# Rome 390 bindings - How do I remove the sub pad???



## lab49232 (Sep 13, 2011)

You do need to remove the screw that goes through the footbed. They can be stubborn to get out the first time. Get the proper sized screwdriver and keep firm pressure, it should come out.


----------



## hoogax (Dec 31, 2015)

Thanks for confirming. Glad to know I'm not just stripping a random screw. Stubborn is right, but I will keep at it.


----------



## taco tuesday (Jul 26, 2014)

That screw was difficult to get out the first time I set up my targas. I used a t-handle screw driver with a number 3 phillips tip I think.


----------



## F242 (Dec 7, 2015)

hoogax said:


> Thanks for confirming. Glad to know I'm not just stripping a random screw. Stubborn is right, but I will keep at it.

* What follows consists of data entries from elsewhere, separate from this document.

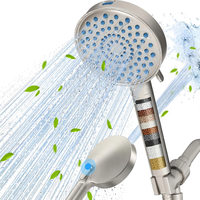 Pommeau de Douche Filtrant l'Eau Dure Personnalisé, Filtre 20 Étapes, Haute Pression, 7 Modes de Jet, Anti-Fuite, Auto-Nettoyant, Design Moderne, Élimine les Impuretés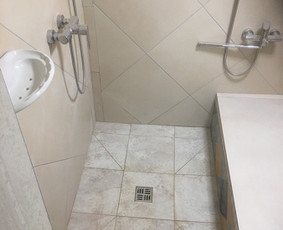 Vidaus apdailos darbai - Vonios kambario-toleto įrengimas, kapitalinis remontas - 1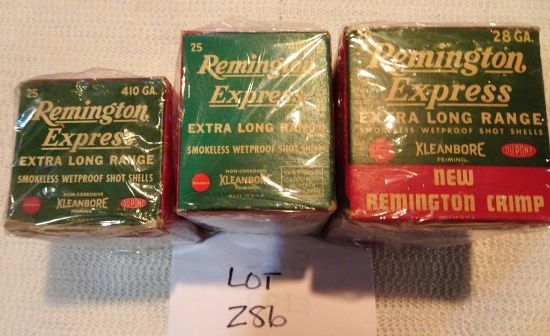 Remington 410 ga 2 1/5", 410 ga 3", & 28 ga All Full Boxes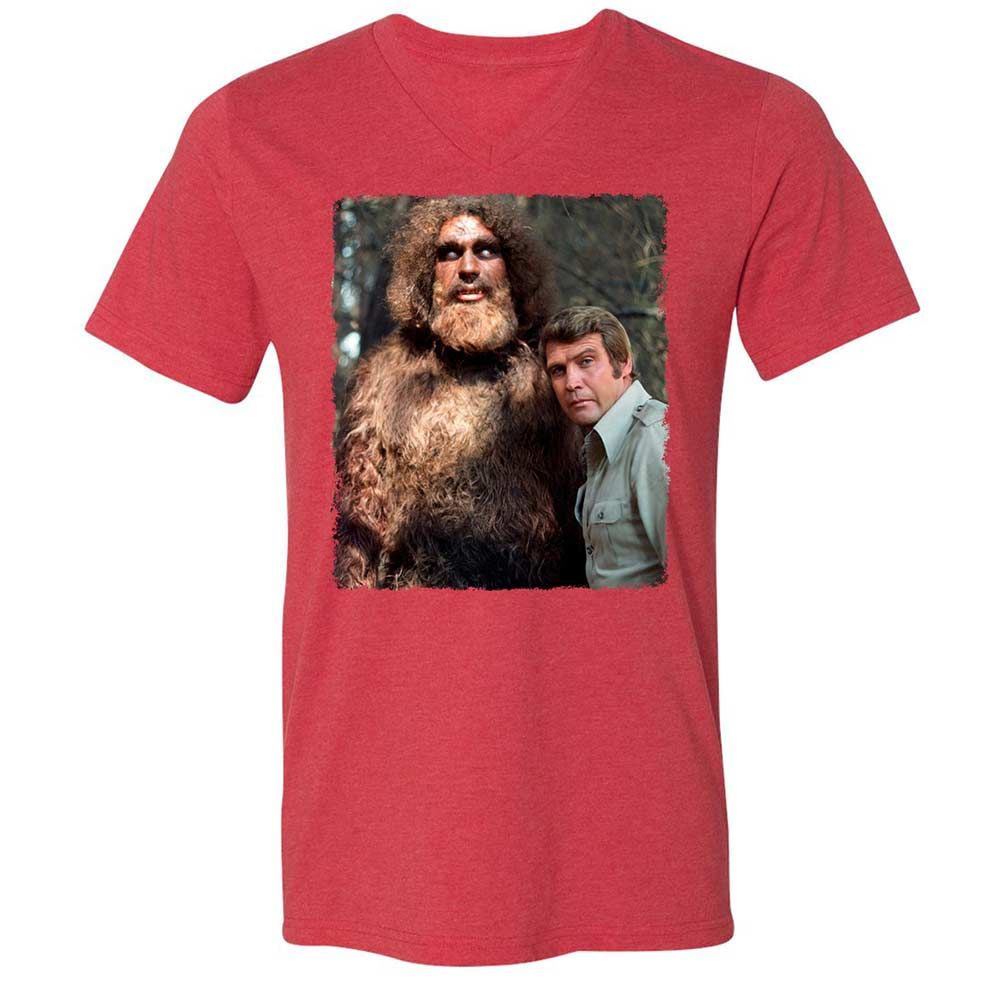 Unisex V-Neck T-Shirt - R6M96SYA - Heather Red - 7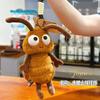Cute Squirrel Plush Keychain Healing Stress Relief Bag Charm Birthday Gift for Girls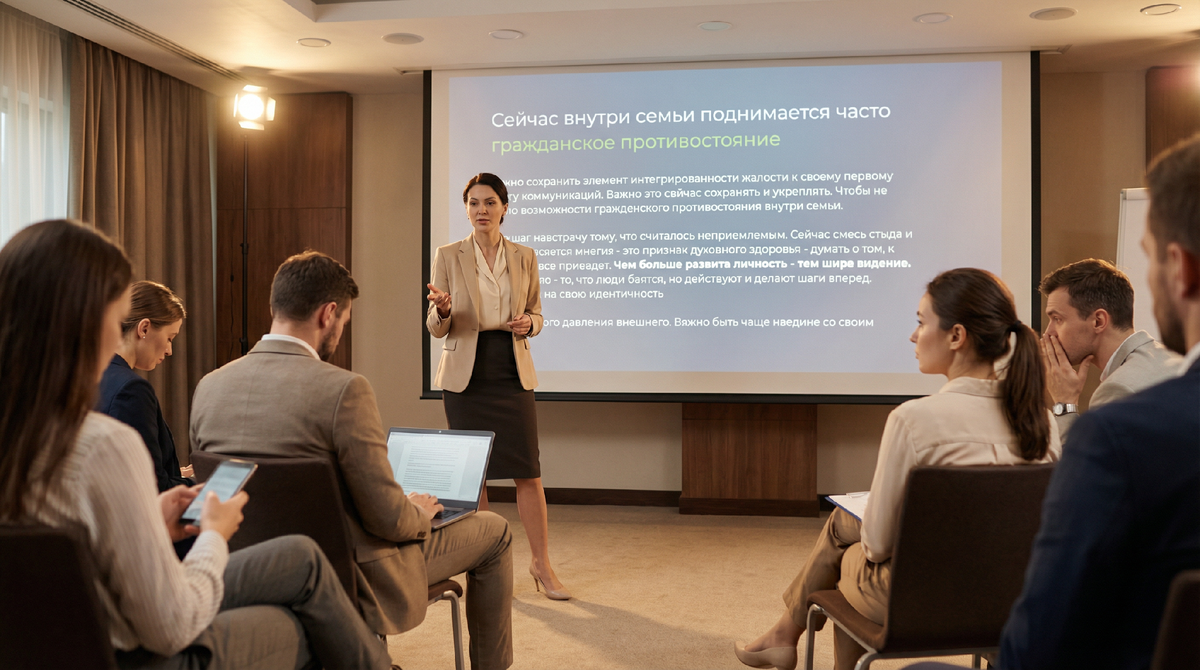 Вот так выглядели слайды и конечно же это очень скучно смотреть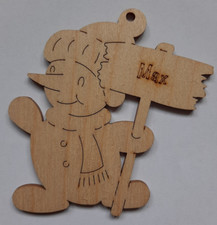 Fensterbild aus Holz -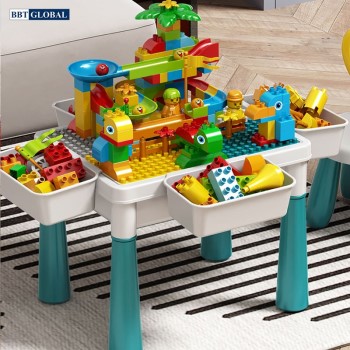 Bộ bàn ghế xếp hình LEGO đa năng kèm 105 chi tiết xếp hình cỡ lớn UG401-2 Bộ bàn ghế xếp hình LEGO đa năng kèm 105 chi tiết xếp hình cỡ lớn UG401-2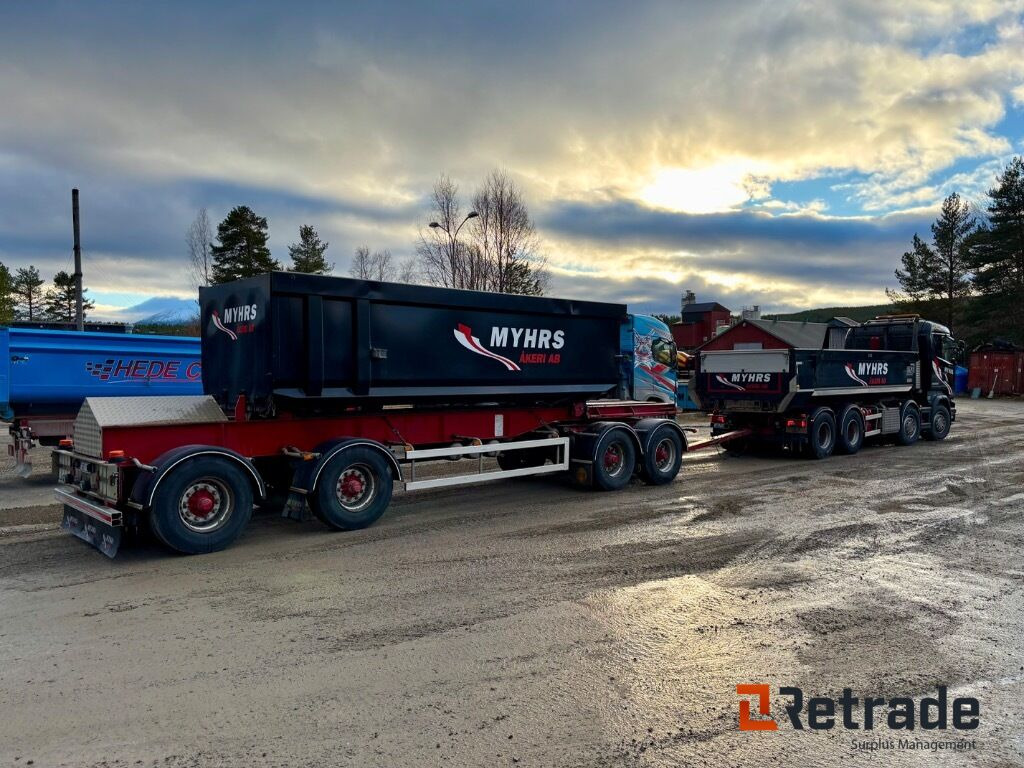 Kassettbilsekipage Scania R730 8X4 - Tovornjak prekucnik, Abrol/ Samonakladalec prikolica: slika 3 Kassettbilsekipage Scania R730 8X4 - Tovornjak prekucnik, Abrol/ Samonakladalec prikolica: slika 3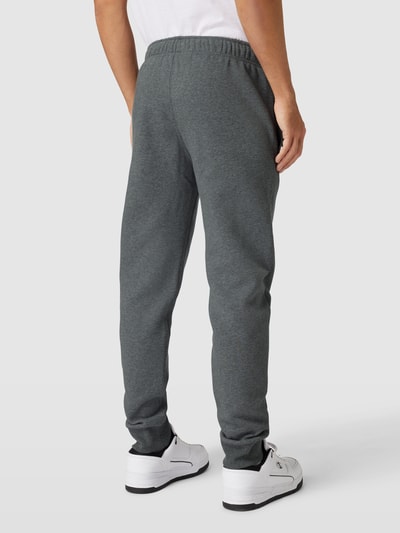 CHAMPION Regular Fit Sweatpants mit Label-Stitching Mittelgrau Melange 5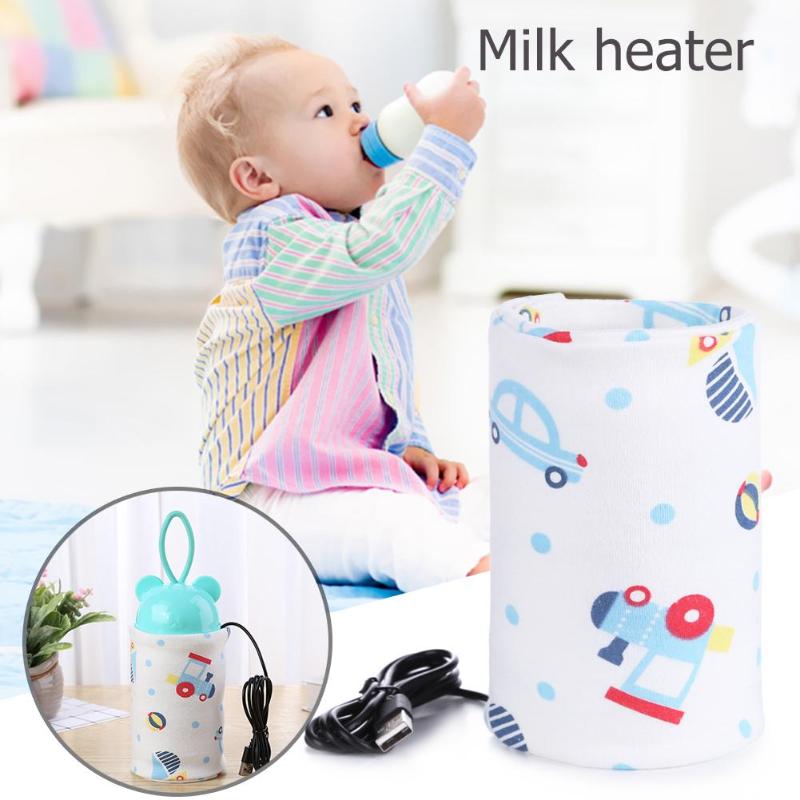 USB Baby Flasche Wärmer Tragbare Milch Reise Tasse Wärmer Heizung Kleinkind Fütterung Flasche Tasche Lagerung Bucht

I thought mine was stuck too - and one of the screws for the canted footbed wouldn't hold (I had to use the other screw that was already holding down the 0 deg footbed - neither the screw nor the hole are stripped). Really had mixed results with Rome hardware this year (bindings and board).


----------



## F242 (Dec 7, 2015)

Also, pro tip - hold the bottom of the footbed up (at the heel end) while unscrewing. Otherwise the screw comes out and it takes... 'patience' to get it wedged back in between the foam of the footbed and the metal plate beneath it.


----------



## Psicko (Dec 26, 2015)

I just got my Boss 390's in the mail last night. Im going to mount them tomorrow. Good to know.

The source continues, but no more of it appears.